» Activity: When you reach the line containing "Discover Like Normal" in the entries below, begin reproducing lines exactly, and stop once the line containing "The tnk, txk" is done.

Available data Block Start

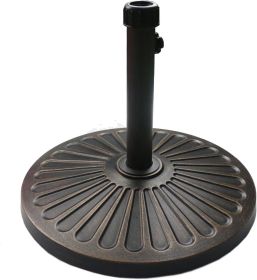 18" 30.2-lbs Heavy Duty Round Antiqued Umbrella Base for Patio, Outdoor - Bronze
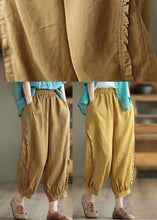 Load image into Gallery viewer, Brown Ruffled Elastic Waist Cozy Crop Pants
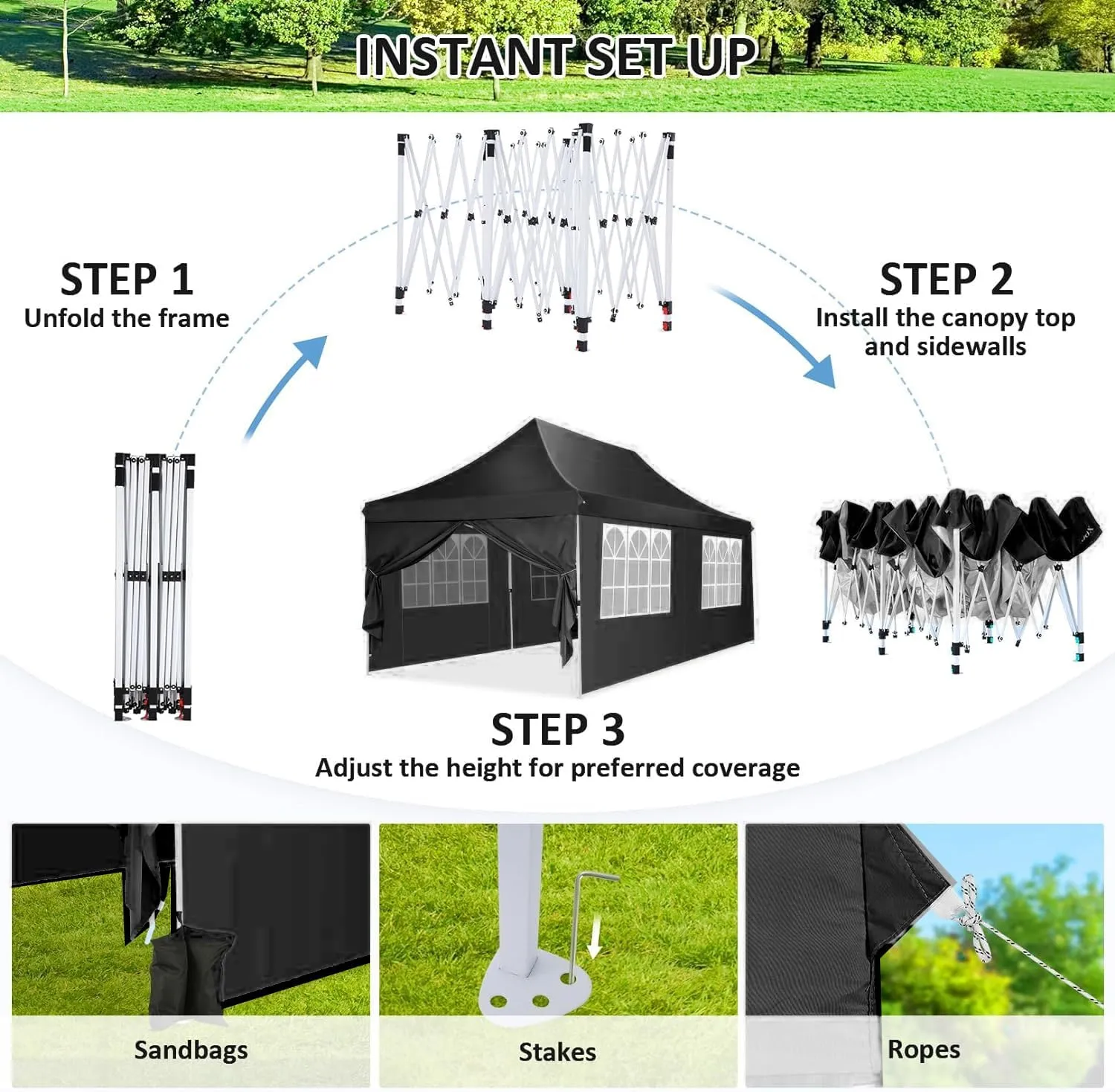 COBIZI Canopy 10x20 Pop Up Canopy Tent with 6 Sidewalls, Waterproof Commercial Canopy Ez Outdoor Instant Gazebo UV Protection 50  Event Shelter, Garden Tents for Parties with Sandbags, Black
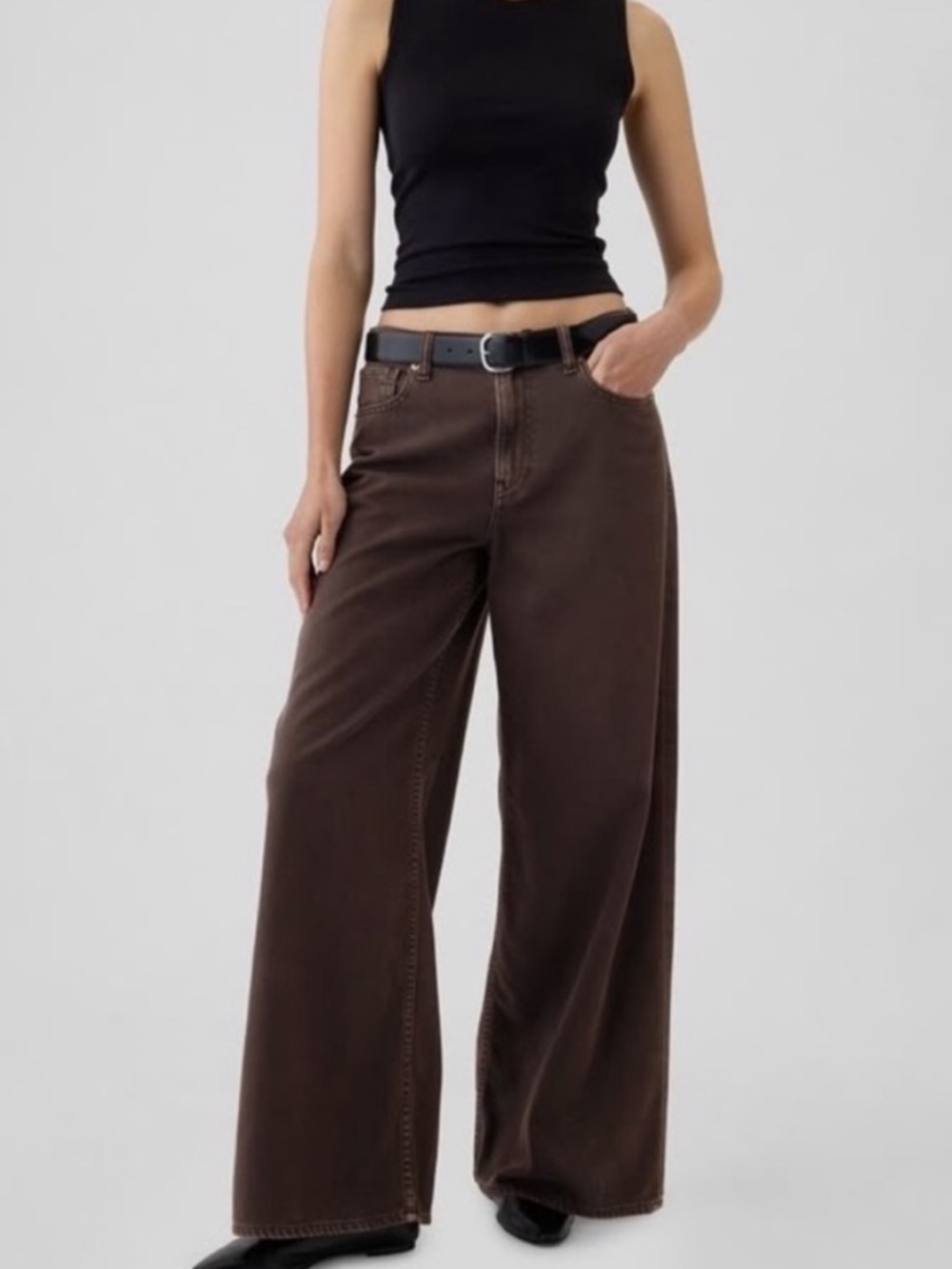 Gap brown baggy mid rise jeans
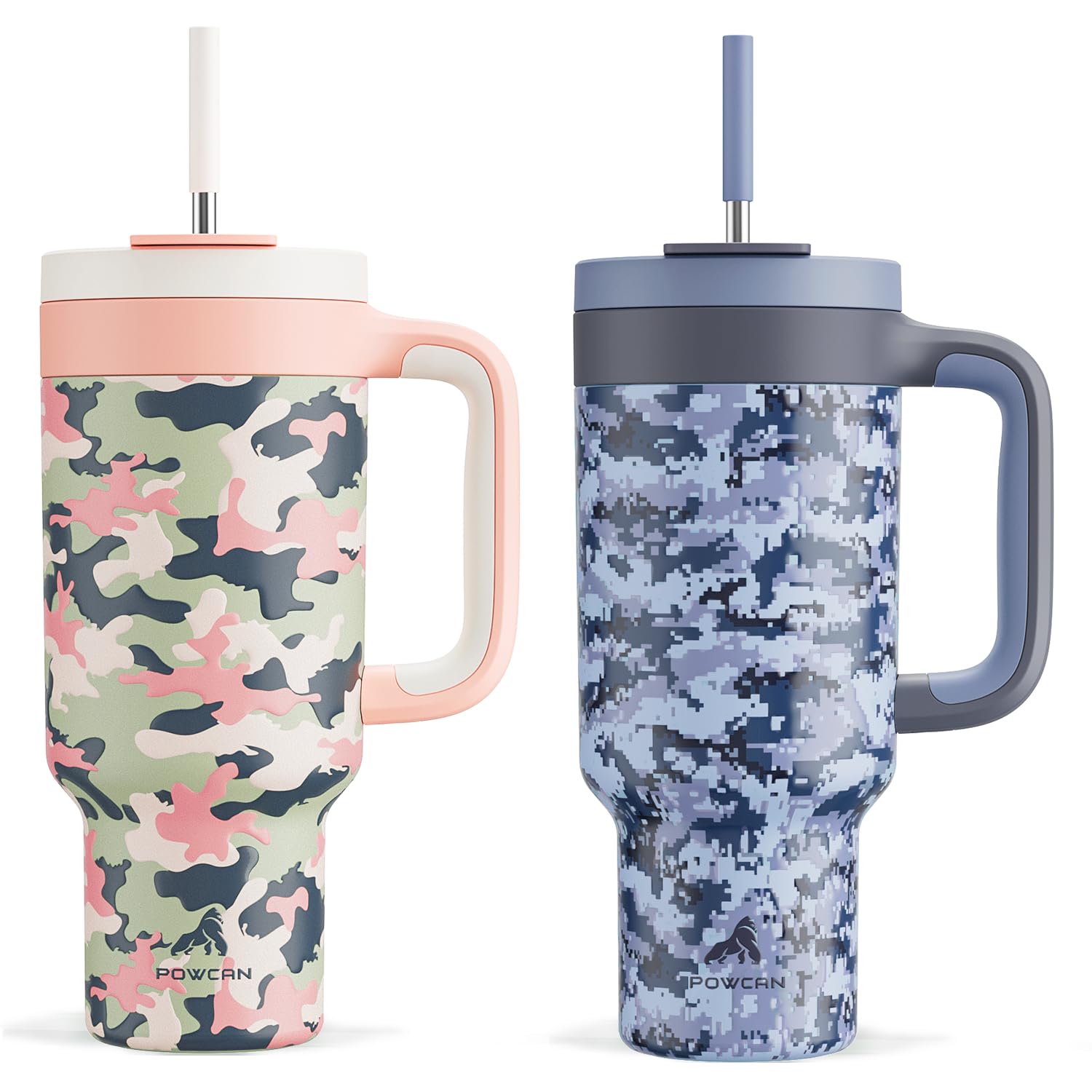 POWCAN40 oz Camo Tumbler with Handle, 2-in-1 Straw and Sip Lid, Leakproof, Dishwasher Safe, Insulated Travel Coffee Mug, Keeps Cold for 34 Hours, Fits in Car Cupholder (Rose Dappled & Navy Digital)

Available data Block End
Available data Block Start

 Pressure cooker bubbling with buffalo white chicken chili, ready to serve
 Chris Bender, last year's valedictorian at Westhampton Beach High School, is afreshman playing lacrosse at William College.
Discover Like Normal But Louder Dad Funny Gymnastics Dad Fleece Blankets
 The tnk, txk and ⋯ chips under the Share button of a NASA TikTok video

Available data Block End
Available data Block Start

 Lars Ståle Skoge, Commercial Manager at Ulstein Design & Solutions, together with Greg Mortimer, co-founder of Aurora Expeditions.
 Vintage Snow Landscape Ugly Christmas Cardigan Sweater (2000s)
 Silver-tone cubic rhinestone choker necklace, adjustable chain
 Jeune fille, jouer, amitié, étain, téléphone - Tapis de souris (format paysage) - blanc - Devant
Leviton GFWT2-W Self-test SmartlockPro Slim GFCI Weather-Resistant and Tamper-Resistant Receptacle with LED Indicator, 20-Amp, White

Available data Block End

» Exercise response:
Discover Like Normal But Louder Dad Funny Gymnastics Dad Fleece Blankets
 The tnk, txk and ⋯ chips under the Share button of a NASA TikTok video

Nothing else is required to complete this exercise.